If you frequently see this error on WordPress and you’re getting fed up, it’s time to do something about it. If you’re using cPanel, here’s how you solve the problem.
Generating a new php.ini
Click the PHP Config icon under the Software/Services category. Under Install Default php.ini, check IonCube and SourceGuardian (required by many commercial PHP scripts) Click the INSTALL PHP.INI MASTER FILE button in the same category Now we have to rename php.ini.default to php.ini – Under cPanel’s Files category, choose File Manager. You should get a pop-up titled File manager directory selection Select Web Root (public_html/www) and Show Hidden Files (dotfiles) and then click Go. This is the chance to backup your old php.ini if you have one Right-click on the new php.ini.default and click rename. Edit the name to php.ini and click Rename. You now have a new php.ini
Editing your php.ini
To edit your php.ini, you right click it and choose Edit. You will be able to edit key/value pairs. To increase the memory limits, etc., do the following:
Change memory_limit from 2M to something like 50M Change register_globals to On Change the maximum size for uploading.

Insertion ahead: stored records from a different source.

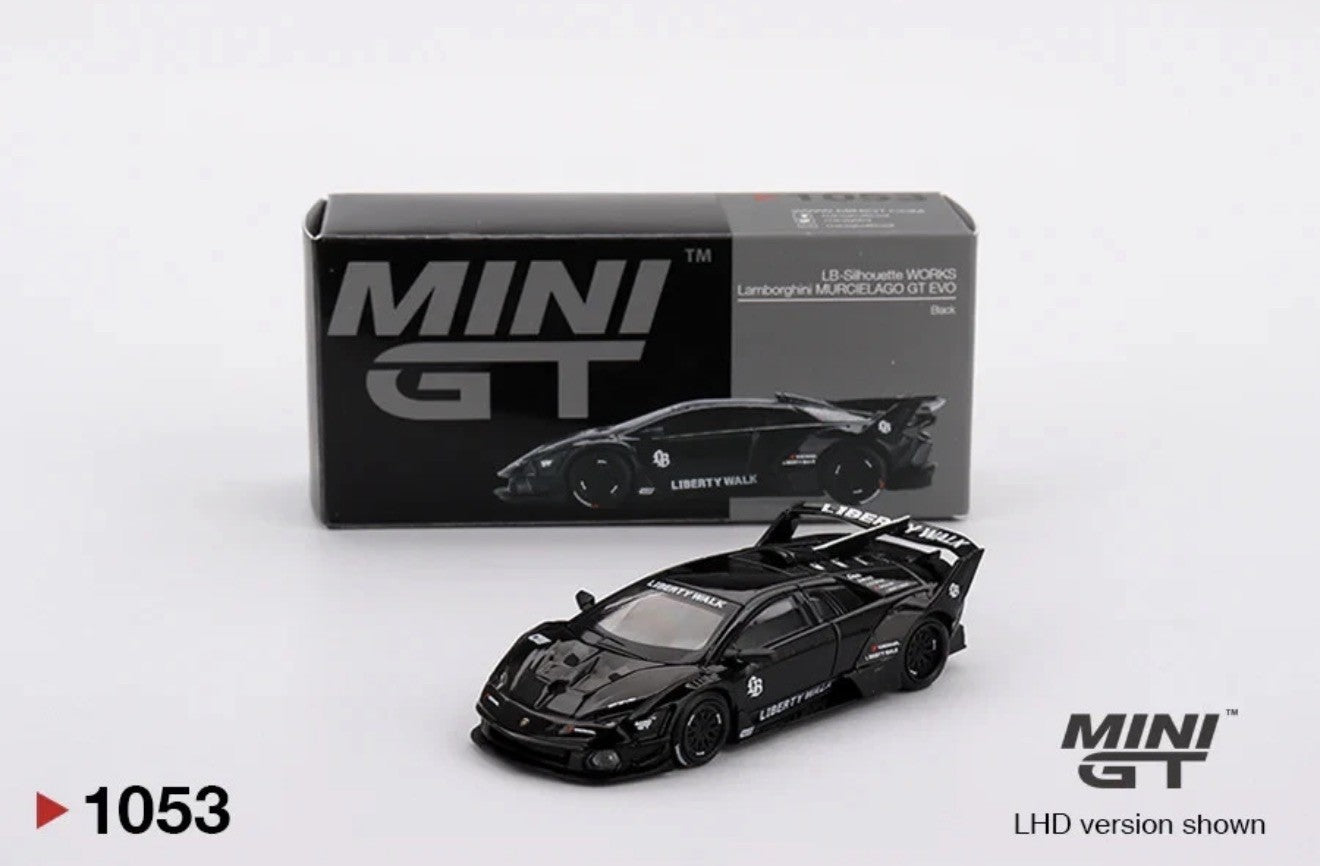 MINI GT 1053 LB-Silhouette WORKS Lamborghini MURCIELAGO GT EVO Black LHD Lbwk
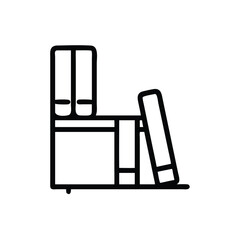 Poster - Outline bookshelf with books vector illustration for library and education design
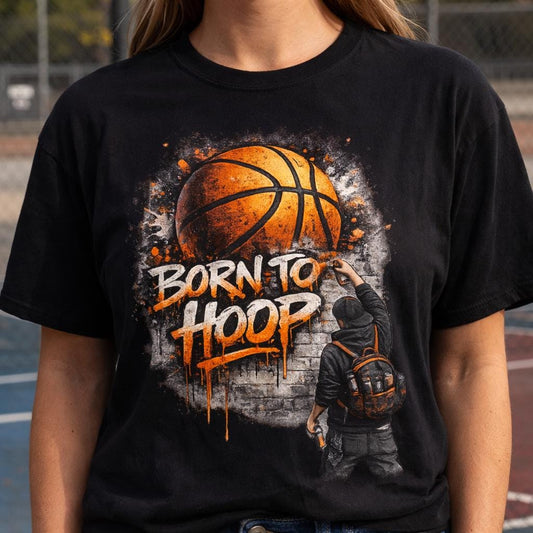 Born to Hoop Basketball T-Shirt, Graffiti Streetwear Graphic Tee, Urban Hoops Shirt, Basketball Lover Gift, Unisex Sports Street Style Tee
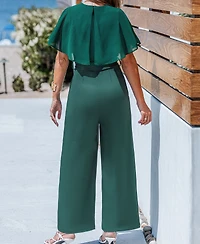 Cupshe Women's Sheer Overlay Wide Leg Jumpsuit
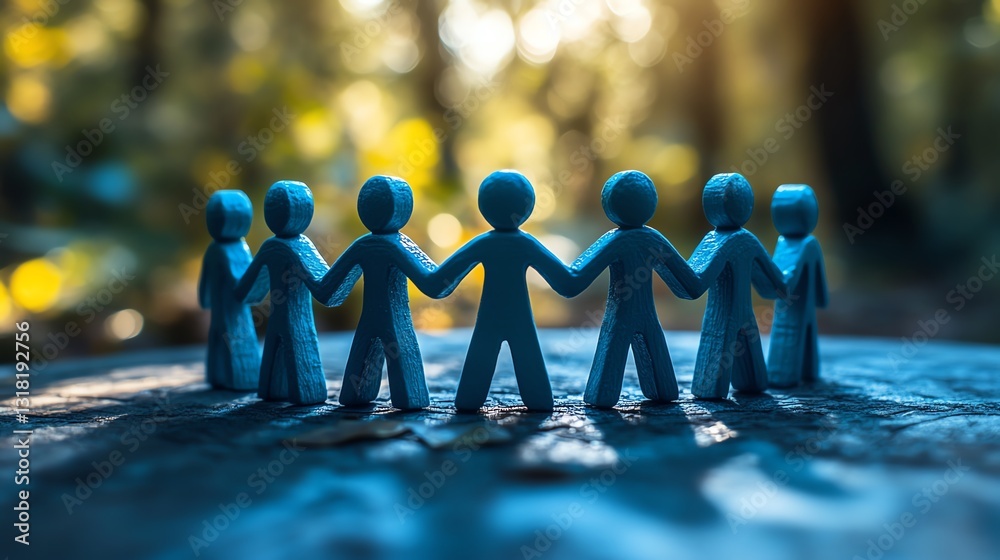 Poster blue figurines forming a connected circle, hands linked, symbolizing teamwork and unity, supportive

This one has two keys – post_max_size and upload_max_filesize. To enable PDO, add the following lines: extension=pdo_mysql.so extension=pdo.so extension=pdo_sqlite.so extension=sqlite.so
The system will take upto 15 minutes to recognise the changes in your php.ini, so be patient. Also, php.ini is directory specific. So unless you’ve turned on the PHP5 (Single php.ini) or PHP5 (FastCGI), you’ll have to copy php.ini into all the subfolders in your public_html directory.
There could be many subdirectories you’ll have to copy it into, so watch your step.
Now your wordpress should upgrade without complaining!